» **Problem to solve**: Every line from the one containing "Gần 1.000 ô" to the one containing "Used SAIC MAXUS" in the records below, both included, must be set down exactly, and no other line.

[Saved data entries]
"""

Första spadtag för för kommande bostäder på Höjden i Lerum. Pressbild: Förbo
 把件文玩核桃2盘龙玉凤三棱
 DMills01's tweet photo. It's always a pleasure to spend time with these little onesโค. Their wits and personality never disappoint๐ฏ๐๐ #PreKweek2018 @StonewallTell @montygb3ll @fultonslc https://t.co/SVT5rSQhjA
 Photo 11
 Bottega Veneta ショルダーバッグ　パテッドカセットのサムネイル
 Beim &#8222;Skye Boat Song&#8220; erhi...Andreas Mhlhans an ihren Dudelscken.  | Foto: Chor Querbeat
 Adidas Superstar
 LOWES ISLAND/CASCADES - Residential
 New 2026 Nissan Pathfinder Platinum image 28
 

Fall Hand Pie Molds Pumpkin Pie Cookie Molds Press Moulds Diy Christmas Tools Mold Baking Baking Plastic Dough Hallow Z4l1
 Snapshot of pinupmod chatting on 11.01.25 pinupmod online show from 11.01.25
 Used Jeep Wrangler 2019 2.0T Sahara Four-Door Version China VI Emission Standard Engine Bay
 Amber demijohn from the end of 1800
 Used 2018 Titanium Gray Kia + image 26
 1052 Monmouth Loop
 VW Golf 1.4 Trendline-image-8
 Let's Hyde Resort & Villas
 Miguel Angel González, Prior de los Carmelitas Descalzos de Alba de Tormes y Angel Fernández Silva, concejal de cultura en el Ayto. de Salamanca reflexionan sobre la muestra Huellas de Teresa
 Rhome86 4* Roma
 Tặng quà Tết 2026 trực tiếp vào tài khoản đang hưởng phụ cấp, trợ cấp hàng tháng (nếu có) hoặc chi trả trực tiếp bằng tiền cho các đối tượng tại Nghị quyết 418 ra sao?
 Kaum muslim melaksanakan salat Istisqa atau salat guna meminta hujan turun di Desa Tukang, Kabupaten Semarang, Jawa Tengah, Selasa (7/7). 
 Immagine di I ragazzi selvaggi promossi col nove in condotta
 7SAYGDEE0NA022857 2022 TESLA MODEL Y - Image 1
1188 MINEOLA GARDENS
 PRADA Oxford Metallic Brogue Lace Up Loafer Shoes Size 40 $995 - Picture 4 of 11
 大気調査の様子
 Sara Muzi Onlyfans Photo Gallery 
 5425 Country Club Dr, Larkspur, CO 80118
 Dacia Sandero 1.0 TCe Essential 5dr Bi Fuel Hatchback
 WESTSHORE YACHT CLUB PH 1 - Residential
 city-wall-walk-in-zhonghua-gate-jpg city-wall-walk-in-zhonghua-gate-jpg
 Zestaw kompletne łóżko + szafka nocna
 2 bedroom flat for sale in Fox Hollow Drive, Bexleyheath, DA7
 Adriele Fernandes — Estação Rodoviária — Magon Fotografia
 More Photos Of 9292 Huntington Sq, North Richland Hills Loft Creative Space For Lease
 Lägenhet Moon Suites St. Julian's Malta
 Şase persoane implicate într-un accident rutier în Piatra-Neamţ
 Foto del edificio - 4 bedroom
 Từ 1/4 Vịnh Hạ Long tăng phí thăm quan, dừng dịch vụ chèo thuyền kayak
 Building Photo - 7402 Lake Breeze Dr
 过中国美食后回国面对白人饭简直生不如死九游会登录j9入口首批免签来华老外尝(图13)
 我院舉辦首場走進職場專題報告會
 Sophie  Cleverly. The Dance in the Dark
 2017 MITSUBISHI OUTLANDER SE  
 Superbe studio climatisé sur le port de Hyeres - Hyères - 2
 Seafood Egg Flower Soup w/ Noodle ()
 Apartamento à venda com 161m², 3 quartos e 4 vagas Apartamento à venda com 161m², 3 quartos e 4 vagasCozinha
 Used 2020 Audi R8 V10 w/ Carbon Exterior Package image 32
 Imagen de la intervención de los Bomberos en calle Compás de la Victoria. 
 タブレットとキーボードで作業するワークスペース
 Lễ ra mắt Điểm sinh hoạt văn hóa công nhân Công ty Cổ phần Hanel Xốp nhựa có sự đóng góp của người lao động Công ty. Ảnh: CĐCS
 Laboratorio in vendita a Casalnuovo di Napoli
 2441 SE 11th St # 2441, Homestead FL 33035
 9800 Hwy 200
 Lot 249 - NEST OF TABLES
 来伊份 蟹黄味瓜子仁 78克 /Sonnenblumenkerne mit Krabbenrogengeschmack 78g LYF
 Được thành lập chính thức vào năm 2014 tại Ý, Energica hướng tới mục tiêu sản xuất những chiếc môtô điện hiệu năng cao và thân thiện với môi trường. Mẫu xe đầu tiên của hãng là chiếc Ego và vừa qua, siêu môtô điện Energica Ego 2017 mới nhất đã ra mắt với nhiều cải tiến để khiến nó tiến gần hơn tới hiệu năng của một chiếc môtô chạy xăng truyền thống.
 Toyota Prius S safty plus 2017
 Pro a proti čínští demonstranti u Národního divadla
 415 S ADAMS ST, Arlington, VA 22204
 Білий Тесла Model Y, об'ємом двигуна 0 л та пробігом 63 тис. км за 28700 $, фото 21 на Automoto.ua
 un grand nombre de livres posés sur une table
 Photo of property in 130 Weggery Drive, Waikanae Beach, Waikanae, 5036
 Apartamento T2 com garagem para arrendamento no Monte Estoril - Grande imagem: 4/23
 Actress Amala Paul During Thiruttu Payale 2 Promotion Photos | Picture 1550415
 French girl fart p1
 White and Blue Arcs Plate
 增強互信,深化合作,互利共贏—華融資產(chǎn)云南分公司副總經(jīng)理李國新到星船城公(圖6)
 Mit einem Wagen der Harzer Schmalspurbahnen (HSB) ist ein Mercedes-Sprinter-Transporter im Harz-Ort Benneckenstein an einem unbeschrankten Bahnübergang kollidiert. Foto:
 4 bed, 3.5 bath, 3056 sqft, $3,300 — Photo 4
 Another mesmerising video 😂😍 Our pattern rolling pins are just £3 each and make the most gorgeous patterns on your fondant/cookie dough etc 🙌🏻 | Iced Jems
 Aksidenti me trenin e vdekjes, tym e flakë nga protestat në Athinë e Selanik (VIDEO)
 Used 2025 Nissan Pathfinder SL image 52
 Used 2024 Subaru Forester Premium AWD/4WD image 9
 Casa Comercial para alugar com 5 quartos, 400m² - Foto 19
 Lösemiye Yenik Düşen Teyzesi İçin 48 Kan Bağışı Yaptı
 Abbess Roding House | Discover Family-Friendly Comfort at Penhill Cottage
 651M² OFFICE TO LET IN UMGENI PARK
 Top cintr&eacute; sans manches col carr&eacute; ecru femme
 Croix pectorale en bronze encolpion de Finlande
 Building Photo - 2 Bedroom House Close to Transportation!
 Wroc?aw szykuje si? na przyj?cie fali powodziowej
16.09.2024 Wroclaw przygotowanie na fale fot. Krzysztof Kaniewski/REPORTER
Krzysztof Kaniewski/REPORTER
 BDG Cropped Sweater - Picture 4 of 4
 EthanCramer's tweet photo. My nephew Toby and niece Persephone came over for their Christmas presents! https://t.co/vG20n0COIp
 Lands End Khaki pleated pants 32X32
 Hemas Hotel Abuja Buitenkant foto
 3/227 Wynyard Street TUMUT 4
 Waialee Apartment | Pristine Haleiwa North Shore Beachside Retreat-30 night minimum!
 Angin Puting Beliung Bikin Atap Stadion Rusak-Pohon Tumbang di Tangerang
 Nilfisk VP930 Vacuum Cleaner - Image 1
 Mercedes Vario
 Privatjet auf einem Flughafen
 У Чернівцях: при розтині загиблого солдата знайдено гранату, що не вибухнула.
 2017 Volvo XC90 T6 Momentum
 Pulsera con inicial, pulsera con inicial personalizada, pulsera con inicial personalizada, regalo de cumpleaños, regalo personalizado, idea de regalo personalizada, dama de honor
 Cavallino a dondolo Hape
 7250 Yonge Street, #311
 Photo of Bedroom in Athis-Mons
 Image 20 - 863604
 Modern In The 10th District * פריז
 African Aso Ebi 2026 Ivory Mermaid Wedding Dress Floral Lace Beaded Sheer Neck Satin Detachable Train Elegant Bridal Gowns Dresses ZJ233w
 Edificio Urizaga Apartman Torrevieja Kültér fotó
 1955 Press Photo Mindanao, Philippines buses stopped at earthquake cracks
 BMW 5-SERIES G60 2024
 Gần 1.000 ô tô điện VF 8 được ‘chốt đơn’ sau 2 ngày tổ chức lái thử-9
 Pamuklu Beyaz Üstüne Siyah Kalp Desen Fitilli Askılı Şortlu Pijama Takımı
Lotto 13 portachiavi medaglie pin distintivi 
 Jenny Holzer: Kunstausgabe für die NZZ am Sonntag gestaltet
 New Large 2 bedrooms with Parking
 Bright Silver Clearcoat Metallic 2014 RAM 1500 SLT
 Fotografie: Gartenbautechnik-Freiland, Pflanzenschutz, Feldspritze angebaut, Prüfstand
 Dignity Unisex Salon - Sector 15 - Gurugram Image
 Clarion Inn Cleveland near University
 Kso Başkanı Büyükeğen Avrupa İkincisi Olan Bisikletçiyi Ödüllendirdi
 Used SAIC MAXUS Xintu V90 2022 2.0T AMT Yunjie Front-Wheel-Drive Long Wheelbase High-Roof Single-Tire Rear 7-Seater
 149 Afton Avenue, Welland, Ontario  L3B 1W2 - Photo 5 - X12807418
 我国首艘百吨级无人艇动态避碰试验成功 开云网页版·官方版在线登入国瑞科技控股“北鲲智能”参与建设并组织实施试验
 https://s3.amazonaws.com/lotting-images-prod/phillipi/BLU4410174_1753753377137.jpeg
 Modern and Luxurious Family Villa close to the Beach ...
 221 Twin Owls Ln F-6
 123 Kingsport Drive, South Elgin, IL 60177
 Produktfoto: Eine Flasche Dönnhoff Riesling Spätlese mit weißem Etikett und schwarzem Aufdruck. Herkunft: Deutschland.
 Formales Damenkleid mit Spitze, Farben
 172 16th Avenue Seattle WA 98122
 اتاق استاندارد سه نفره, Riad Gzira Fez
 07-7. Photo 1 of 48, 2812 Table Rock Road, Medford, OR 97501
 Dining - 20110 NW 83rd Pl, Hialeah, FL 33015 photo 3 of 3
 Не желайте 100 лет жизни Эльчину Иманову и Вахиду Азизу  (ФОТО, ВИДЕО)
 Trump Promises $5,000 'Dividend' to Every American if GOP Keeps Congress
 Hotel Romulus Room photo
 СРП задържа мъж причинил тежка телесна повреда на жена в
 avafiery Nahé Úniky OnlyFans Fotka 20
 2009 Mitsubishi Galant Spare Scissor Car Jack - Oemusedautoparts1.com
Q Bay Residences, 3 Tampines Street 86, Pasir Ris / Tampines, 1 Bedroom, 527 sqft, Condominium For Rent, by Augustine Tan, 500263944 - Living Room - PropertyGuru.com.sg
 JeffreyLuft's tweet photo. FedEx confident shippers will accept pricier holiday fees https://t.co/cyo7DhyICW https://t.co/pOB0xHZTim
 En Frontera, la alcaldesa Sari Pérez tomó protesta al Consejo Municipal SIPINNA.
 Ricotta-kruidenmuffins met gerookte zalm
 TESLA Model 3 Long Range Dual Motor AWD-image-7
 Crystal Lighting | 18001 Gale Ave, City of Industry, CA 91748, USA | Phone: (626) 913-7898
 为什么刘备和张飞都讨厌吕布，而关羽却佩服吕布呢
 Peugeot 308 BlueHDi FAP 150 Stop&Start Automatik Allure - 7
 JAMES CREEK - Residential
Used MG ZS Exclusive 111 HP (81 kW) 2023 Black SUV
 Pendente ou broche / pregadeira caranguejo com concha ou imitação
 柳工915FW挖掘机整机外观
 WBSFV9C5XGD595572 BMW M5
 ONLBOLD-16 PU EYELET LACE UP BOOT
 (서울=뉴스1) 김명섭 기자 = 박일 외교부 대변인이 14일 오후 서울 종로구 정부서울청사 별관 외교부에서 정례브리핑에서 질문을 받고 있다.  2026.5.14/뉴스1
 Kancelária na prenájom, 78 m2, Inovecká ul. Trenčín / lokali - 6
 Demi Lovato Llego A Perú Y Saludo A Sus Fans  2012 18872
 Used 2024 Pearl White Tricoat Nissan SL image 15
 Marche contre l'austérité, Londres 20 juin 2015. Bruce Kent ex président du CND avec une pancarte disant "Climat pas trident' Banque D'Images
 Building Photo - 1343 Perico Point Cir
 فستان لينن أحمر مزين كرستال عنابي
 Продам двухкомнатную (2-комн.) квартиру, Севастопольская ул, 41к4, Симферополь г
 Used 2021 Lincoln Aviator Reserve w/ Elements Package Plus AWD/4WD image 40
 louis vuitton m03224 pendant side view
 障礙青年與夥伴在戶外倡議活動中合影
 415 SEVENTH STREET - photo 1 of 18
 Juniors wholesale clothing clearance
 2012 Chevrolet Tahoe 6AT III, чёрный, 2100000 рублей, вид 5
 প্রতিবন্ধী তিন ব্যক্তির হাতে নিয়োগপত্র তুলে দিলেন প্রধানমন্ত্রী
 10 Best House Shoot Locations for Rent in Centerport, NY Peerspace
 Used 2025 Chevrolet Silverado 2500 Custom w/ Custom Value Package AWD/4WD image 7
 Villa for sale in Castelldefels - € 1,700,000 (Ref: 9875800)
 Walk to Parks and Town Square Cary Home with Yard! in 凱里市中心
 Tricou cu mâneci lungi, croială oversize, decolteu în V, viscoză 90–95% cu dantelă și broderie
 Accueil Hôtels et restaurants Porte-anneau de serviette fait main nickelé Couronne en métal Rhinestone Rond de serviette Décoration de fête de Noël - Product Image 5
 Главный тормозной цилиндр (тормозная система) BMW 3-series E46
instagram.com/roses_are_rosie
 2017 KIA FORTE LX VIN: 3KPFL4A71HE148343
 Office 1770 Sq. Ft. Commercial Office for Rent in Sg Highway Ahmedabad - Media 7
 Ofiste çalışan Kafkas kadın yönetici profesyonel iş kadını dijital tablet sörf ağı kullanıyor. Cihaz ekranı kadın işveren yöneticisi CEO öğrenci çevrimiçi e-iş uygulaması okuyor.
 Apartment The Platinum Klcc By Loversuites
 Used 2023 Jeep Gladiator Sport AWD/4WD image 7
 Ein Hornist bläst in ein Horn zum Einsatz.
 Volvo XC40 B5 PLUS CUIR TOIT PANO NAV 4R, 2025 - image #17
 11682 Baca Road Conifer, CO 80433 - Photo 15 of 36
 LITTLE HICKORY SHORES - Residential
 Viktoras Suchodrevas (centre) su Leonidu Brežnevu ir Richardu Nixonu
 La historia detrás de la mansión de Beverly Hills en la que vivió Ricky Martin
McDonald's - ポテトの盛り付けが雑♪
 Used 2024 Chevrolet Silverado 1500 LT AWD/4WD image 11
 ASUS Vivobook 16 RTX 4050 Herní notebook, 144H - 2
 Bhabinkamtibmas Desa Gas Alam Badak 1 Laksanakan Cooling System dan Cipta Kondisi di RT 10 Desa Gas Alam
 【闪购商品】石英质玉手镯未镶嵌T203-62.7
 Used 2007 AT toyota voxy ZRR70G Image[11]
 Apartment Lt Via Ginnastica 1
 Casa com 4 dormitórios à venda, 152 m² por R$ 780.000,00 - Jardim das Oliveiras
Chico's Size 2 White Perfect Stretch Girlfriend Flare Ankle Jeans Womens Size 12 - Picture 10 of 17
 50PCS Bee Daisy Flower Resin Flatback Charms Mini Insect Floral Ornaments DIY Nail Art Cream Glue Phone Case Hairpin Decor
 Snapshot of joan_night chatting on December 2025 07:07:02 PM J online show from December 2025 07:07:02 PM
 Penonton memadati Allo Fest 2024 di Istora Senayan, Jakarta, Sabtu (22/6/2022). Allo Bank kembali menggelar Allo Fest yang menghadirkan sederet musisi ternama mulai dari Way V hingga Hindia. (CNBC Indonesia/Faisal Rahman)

"""

» **Solution to the exercise**:
 Gần 1.000 ô tô điện VF 8 được ‘chốt đơn’ sau 2 ngày tổ chức lái thử-9
 Pamuklu Beyaz Üstüne Siyah Kalp Desen Fitilli Askılı Şortlu Pijama Takımı
Lotto 13 portachiavi medaglie pin distintivi 
 Jenny Holzer: Kunstausgabe für die NZZ am Sonntag gestaltet
 New Large 2 bedrooms with Parking
 Bright Silver Clearcoat Metallic 2014 RAM 1500 SLT
 Fotografie: Gartenbautechnik-Freiland, Pflanzenschutz, Feldspritze angebaut, Prüfstand
 Dignity Unisex Salon - Sector 15 - Gurugram Image
 Clarion Inn Cleveland near University
 Kso Başkanı Büyükeğen Avrupa İkincisi Olan Bisikletçiyi Ödüllendirdi
 Used SAIC MAXUS Xintu V90 2022 2.0T AMT Yunjie Front-Wheel-Drive Long Wheelbase High-Roof Single-Tire Rear 7-Seater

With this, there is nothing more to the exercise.